With the amount of new and innovative technology that is surfacing every day, assessing your nonprofit’s technology should be a daily process.
While every nonprofit wants to cause change in some way, every nonprofit is different. Each with a unique goal, different needs, and all conduct daily operations in a different way.
As a result of all these differences, each nonprofit’s technology should reflect their uniqueness. For example, some nonprofits require more raw computing power while others will require less.
When assessing your nonprofit’s current technology situation specific questions need to be asked to ensure that you’re getting the most out of your tech infrastructure.
Here are a few of those important questions you can ask yourself and staff about your nonprofit's technology.

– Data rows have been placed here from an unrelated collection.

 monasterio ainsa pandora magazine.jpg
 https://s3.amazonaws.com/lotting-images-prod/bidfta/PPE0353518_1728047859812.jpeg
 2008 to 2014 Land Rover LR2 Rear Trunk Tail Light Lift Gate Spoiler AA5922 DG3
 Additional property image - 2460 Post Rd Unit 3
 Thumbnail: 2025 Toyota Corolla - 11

What does your nonprofit do, and how will this technology enhance your mission?
Before jumping into the deep end with new tech that's boasting all the latest bells and whistles, take a step back and assess what it is your nonprofit does, and how that fancy new tech will assist you. It is important to look at the ‘big picture’ to avoid simply jumping at the latest tech, just because it is the latest tech.

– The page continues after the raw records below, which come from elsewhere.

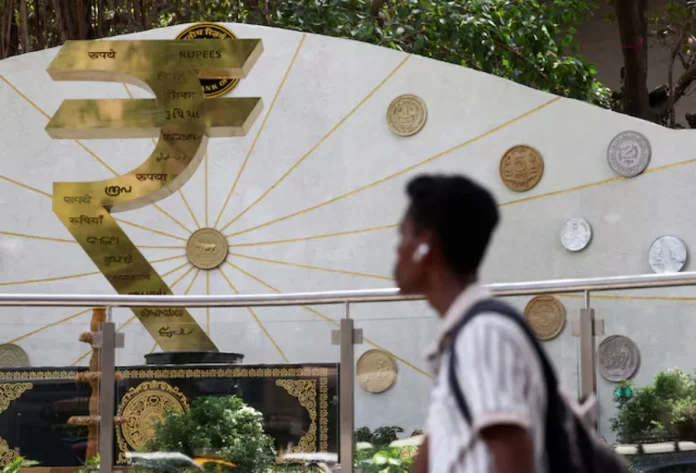 India_accelerates_financial_reforms_amid__17_billion_foreign_outflows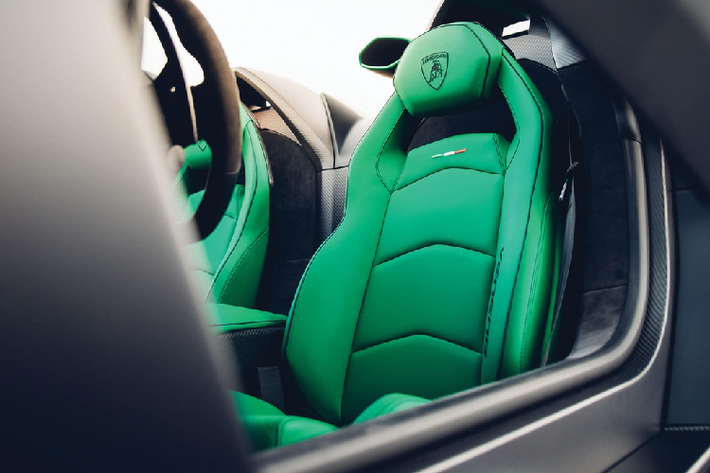 Phải mất vài năm nữa, sức mạnh của Veneno mới bị các đàn em như Aventador SVJ và Centenario qua mặt. Centenario là siêu xe thay thế vị trí của Veneno nhưng được sản xuất với số lượng lớn hơn – 40 chiếc.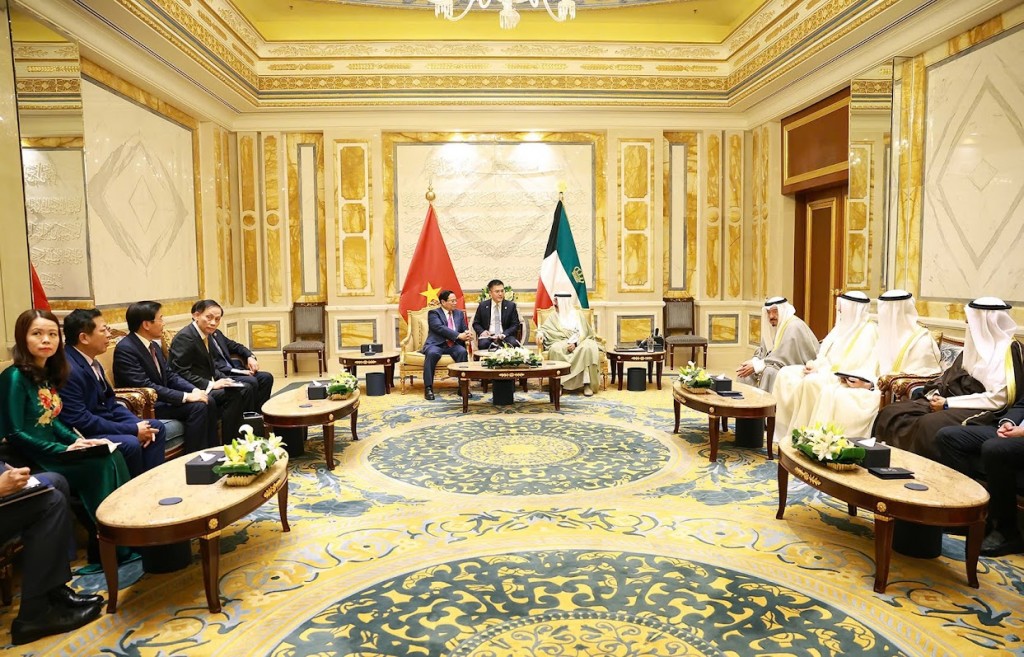 Thủ tướng Chính phủ Phạm Minh Chính đề nghị Quốc vương Kuwait tiếp tục quan tâm thúc đẩy quan hệ hai nước phát triển tương xứng với quy mô, yêu cầu mới, chú trọng đẩy mạnh và tạo đột phá - Ảnh: VGP/Nhật Bắc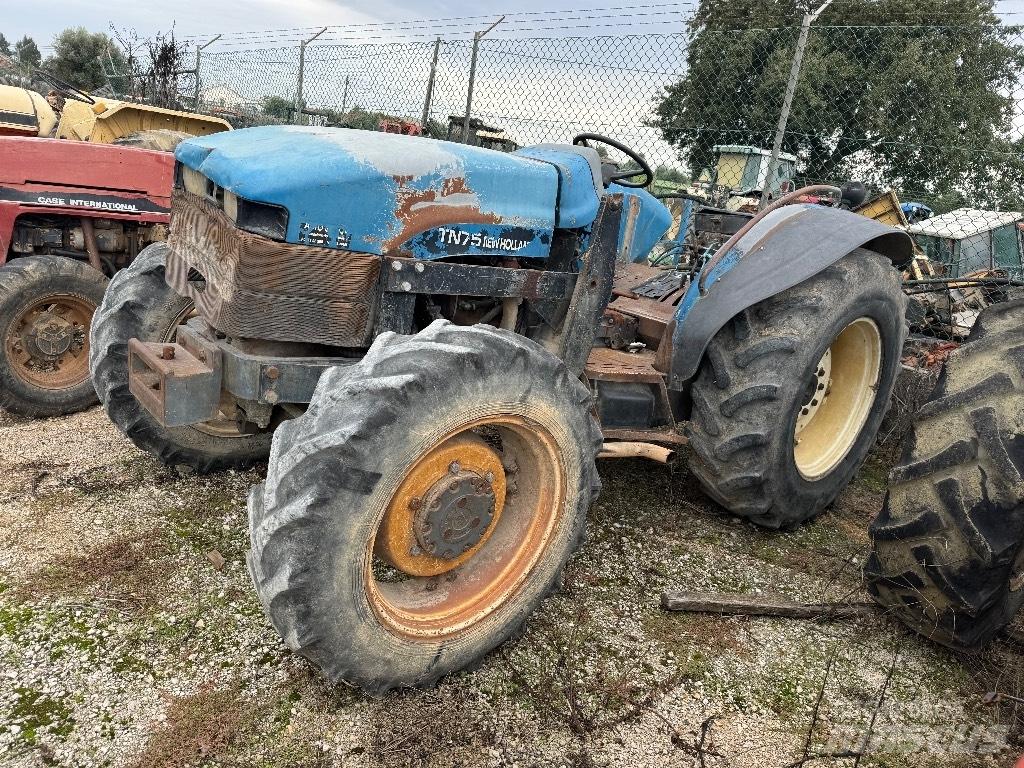 New Holland TN 75 Traktoren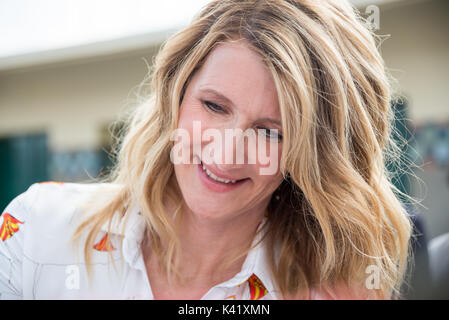 Laura Dern Autogramme an der Promenade des Planches auf der 43 Deauville American Film Festival, am 2. August 2017 in Deauville, Frankreich Stockfoto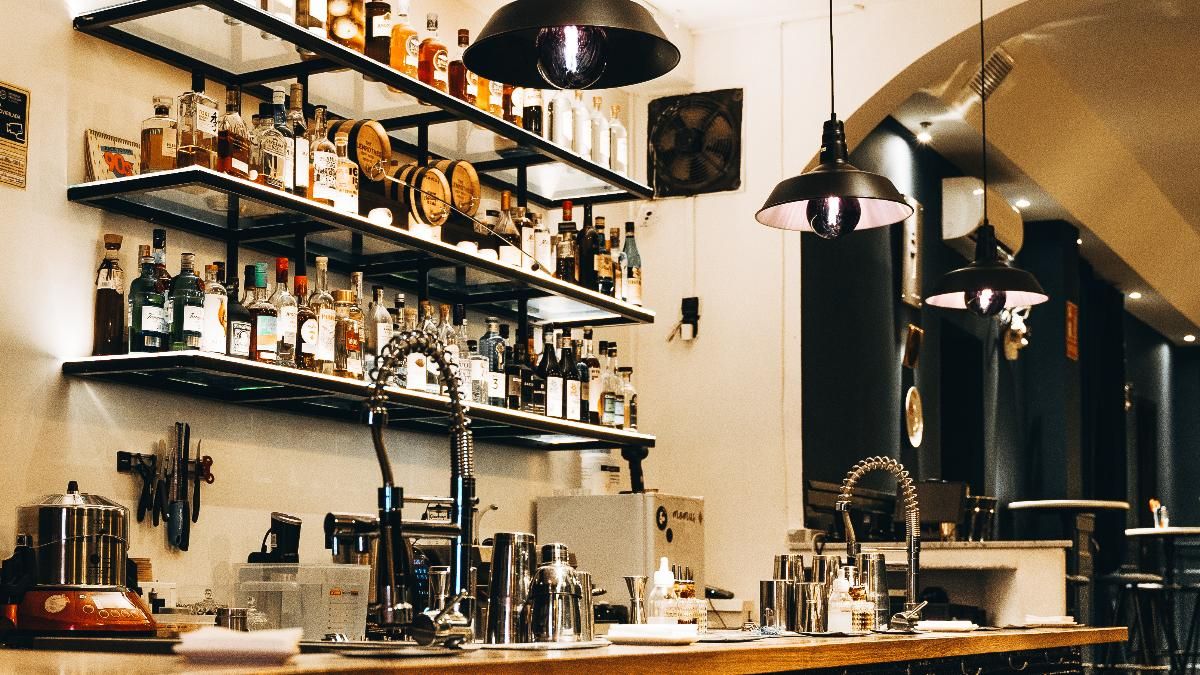 Barra Momus Bar.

What makes doing your work annoying or difficult?
Think about what makes your work, or your employees' work, difficult and follow these bread crumbs to a solution. Often times members of the same organization working in very different parts of the organization may be experiencing similar problems with their processes but for different reasons. It is important to look at all angles as to not hamper the production of one department to improve the process of another.
What will change about your organization when this tech is fully implemented or removed?
Will this tech switch improve productivity? Will it improve client communication or relationships? What new information will I have at my disposal? These are all questions you can ask yourself when making a tech switch to test whether or not the move is right for your nonprofit. Your decision to switch to a new tech should positively enhance one or more of these areas.
How is my staff responding, how can I improve this response?
If your staff is speaking negatively about a specific task or job, think about solutions to those problems without affecting other processes. Will a switch to cloud computing across the board be viable to solve one small problem? Probably not. But storing certain files that are often shared on a cloud might be an interesting solution to the problem.
In today’s contemporary, tech driven society, there is no reason to suffer with old, inefficient technology. However, it is important to stop and assess the big picture before diving head first into massive tech switches and improvements.